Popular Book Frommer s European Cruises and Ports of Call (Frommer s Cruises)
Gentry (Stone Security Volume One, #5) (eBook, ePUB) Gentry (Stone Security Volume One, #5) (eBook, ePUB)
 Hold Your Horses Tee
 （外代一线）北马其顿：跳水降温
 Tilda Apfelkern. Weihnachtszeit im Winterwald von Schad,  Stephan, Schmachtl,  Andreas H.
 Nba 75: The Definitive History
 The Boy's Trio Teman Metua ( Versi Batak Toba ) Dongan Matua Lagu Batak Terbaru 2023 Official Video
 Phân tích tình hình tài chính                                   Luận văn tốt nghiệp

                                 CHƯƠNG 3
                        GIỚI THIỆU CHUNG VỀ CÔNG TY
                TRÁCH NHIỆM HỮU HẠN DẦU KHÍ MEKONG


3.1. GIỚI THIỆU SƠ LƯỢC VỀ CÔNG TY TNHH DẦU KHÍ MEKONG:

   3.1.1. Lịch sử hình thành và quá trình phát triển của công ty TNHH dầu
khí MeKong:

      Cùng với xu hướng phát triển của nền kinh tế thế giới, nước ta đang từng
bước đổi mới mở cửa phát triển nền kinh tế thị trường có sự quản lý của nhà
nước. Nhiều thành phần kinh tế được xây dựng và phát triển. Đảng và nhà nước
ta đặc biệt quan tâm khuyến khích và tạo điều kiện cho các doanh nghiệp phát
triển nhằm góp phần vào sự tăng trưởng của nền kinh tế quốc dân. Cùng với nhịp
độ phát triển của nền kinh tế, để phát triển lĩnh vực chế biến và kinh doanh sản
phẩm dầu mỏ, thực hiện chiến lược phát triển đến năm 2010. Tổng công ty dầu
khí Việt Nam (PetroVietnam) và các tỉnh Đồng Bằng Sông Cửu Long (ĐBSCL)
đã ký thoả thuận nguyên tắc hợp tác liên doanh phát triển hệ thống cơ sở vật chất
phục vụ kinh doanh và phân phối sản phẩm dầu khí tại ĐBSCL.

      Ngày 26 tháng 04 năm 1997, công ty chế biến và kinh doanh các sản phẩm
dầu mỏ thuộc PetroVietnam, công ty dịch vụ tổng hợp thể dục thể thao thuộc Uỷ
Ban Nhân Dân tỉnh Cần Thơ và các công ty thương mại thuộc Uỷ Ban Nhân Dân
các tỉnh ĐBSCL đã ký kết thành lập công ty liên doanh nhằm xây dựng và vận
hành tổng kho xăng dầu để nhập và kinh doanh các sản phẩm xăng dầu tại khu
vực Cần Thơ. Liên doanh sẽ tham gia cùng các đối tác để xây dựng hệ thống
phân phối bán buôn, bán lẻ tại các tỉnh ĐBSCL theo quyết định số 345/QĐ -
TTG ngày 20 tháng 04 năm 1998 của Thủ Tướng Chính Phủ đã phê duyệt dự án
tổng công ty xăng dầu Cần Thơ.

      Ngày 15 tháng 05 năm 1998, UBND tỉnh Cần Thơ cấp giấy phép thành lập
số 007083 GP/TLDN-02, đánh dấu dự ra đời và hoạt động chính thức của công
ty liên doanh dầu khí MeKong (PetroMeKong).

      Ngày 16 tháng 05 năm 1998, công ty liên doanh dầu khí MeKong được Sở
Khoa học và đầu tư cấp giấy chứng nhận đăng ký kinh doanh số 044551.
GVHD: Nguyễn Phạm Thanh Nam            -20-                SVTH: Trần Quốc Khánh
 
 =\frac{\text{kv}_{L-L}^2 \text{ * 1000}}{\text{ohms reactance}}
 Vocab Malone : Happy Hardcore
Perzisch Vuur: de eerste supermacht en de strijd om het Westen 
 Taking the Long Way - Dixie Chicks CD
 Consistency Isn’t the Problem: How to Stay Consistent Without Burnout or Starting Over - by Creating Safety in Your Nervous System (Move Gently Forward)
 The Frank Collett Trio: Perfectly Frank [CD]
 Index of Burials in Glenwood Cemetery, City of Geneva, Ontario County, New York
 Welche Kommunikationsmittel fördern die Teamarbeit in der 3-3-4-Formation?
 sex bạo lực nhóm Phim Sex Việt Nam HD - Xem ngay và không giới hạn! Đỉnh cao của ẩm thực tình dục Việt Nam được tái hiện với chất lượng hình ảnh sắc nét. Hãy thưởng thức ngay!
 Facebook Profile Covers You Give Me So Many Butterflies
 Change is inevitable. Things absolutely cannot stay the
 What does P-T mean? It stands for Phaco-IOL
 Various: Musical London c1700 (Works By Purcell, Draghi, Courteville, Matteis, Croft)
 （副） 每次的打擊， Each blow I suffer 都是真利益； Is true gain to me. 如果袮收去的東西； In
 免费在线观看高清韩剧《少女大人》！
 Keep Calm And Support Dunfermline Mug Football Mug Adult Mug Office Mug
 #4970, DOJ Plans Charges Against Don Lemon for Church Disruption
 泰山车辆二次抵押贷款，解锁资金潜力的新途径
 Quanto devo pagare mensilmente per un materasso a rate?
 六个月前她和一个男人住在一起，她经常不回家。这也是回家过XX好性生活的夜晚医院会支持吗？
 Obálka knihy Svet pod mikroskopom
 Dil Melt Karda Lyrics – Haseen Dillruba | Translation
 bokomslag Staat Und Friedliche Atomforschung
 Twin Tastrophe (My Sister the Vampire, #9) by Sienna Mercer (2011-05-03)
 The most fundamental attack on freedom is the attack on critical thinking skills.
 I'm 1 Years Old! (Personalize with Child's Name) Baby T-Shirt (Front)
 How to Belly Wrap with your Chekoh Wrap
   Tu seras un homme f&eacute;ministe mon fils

> _WHAT THE TASK ASKS_
The word "biến" may appear in several lines of the data; copy every line where it does.

> _TASK RESPONSE_
độ phát triển của nền kinh tế, để phát triển lĩnh vực chế biến và kinh doanh sản
      Ngày 26 tháng 04 năm 1997, công ty chế biến và kinh doanh các sản phẩm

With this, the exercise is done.